L'essentiel

  • Linxea ou encore Meilleurtaux Placement enregistrent une forte hausse de leurs clients.
  • Les produits d'assurance vie attirent particulièrement les investisseurs.
  • La révolution numérique perturbe l'industrie de l'épargne traditionnelle, avec de plus en plus de clients se tournant vers les options de placement en ligne pour leur simplicité et leurs faibles coûts.

« En 2025, on aura gagné 50 000 clients. C'est historique ! » Yves Conan, directeur général de Linxea, n'en revient pas. Sur les 12 derniers mois, ce pionnier du placement en ligne a conquis 40% d'épargnants de plus, se rapprochant du seuil symbolique des 200 000 comptes. Tous actifs confondus, le courtier a récolté (en brut) 1,7 milliard d'euros, portant son encours à 6 milliards. Un tiers de plus qu'en 2024. Et ce n'est pas un cas isolé.

Meilleurtaux Placement, qui a intégré en 2021 Mes-placements.fr, a séduit l'an passé 10 000 nouveaux investisseurs, réuni 1,1 milliard d'euros (bruts), et « pèse » désormais également 6 milliards d'encours. Autre exemple : Bourso First, l'offre « banque privée » de Boursobank, annonce avoir capté « plusieurs milliers de clients », et « un milliard d'euros ». La dynamique est claire : selon les informations recoupées par Moneyvox, 100 000 personnes auraient franchi l'année dernière le cap du « e-placement ». La collecte digitale bat des records, en approchant les 7 milliards d'euros.

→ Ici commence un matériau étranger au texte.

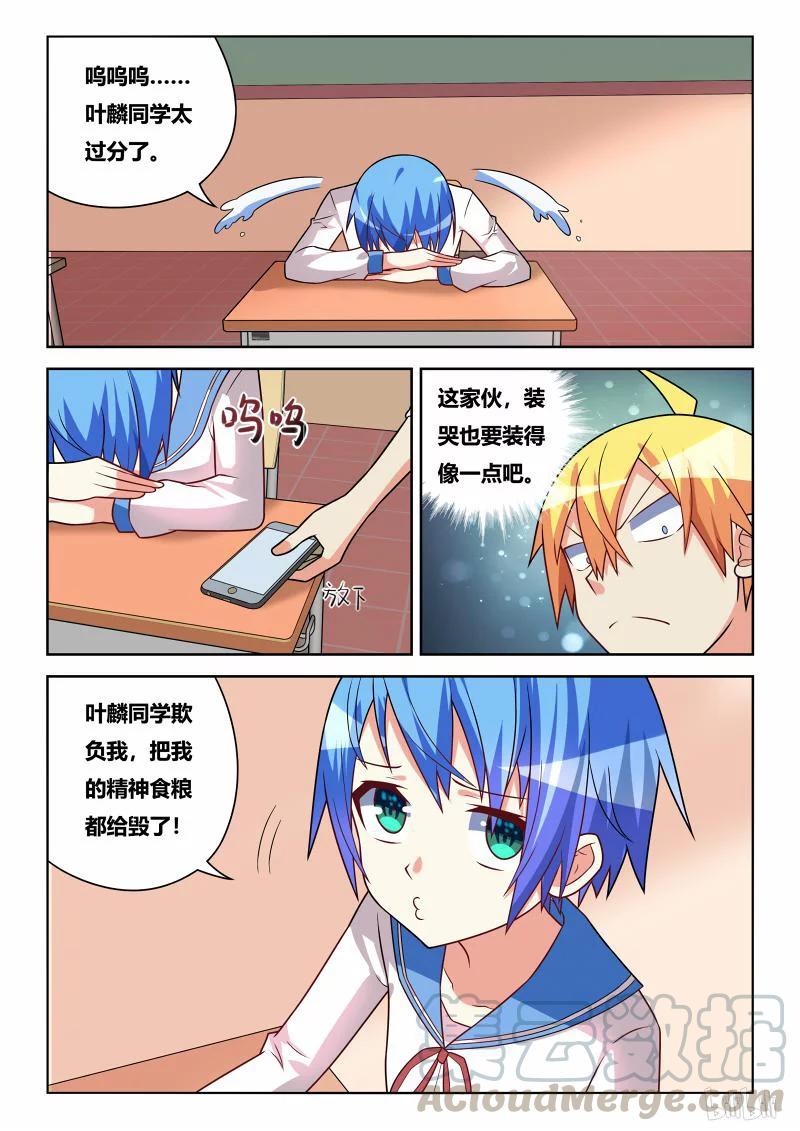 我纔不會被女孩子欺負呢 - 233 圍觀接吻 - 3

L'assurance vie, un produit star

Cette accélération est notamment boostée par un produit star : l'assurance vie. Les chiffres varient entre les distributeurs, mais elle attire jusqu'à 75% des capitaux entrants, le reste se répartissant, selon les cas, entre PER, PEA, comptes titres et actifs vendus « en direct » (pierre papier, private equity...). Actuellement, ses acteurs en ligne captent 4% des versements sur les contrats vie. Il y a deux ou trois ans, c'était moitié moins !

Courtier, CGP, banquier : quel conseiller financier, pour quoi faire ?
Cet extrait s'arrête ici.